Videos contain a lot of redundant information when represented at the pixel level, making it challenging to analyze or generate them efficiently. Existing methods for processing videos often struggle with performance and do not effectively handle the unique aspects of video data, such as motion and timing.

What's the solution?

VidTok addresses these issues by using a new approach that combines advanced techniques like convolutional layers and improved training strategies.
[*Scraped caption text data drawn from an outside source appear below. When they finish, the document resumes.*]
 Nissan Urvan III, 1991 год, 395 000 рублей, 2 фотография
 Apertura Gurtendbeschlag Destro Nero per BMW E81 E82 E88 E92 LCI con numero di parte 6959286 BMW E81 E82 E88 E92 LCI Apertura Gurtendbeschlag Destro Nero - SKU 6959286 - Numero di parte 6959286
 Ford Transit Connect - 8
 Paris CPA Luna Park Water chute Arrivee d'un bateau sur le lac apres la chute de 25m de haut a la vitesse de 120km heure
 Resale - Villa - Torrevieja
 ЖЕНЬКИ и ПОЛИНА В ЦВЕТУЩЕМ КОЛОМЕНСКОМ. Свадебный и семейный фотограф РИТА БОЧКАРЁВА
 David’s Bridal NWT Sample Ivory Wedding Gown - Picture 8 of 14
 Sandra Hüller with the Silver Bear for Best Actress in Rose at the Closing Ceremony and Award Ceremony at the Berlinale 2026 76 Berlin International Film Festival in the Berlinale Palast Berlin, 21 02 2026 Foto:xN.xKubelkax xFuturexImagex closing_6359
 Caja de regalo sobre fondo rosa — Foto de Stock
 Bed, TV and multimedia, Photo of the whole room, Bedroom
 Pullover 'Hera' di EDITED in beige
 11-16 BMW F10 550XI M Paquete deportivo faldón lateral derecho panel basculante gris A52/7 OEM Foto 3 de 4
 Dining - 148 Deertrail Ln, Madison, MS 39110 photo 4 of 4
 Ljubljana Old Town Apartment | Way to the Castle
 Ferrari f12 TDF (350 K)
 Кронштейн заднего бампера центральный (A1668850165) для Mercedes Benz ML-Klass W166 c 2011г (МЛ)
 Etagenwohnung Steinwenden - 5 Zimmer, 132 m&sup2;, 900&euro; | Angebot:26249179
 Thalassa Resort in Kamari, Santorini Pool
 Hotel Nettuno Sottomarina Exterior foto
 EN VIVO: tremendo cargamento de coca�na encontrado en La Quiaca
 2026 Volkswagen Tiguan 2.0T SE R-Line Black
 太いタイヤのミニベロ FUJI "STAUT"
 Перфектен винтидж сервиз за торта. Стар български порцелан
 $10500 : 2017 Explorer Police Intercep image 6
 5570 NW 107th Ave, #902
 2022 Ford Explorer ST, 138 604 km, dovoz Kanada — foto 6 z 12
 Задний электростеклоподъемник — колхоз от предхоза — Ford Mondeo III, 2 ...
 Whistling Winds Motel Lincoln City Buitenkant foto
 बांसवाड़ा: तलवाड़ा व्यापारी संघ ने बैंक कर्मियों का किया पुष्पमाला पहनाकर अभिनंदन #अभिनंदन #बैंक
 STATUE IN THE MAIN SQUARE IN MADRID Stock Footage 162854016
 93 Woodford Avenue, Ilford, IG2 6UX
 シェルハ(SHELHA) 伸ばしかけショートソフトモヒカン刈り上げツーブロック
It uses Finite Scalar Quantization (FSQ) to enhance the process of turning video frames into tokens, reducing problems like training instability. Additionally, VidTok can handle both continuous and discrete tokenization, making it versatile for different applications.

Why it matters?

This research is significant because it provides a high-performance tool that can be used in various video-related tasks, such as video generation and analysis. By improving how videos are tokenized, VidTok can help advance research in fields like computer vision, entertainment, and artificial intelligence.

Abstract

Encoding video content into compact latent tokens has become a fundamental step in video generation and understanding, driven by the need to address the inherent redundancy in pixel-level representations. Consequently, there is a growing demand for high-performance, open-source video tokenizers as video-centric research gains prominence. We introduce VidTok, a versatile video tokenizer that delivers state-of-the-art performance in both continuous and discrete tokenizations. VidTok incorporates several key advancements over existing approaches: 1) model architecture such as convolutional layers and up/downsampling modules; 2) to address the training instability and codebook collapse commonly associated with conventional Vector Quantization (VQ), we integrate Finite Scalar Quantization (FSQ) into discrete video tokenization; 3) improved training strategies, including a two-stage training process and the use of reduced frame rates. By integrating these advancements, VidTok achieves substantial improvements over existing methods, demonstrating superior performance across multiple metrics, including PSNR, SSIM, LPIPS, and FVD, under standardized evaluation settings.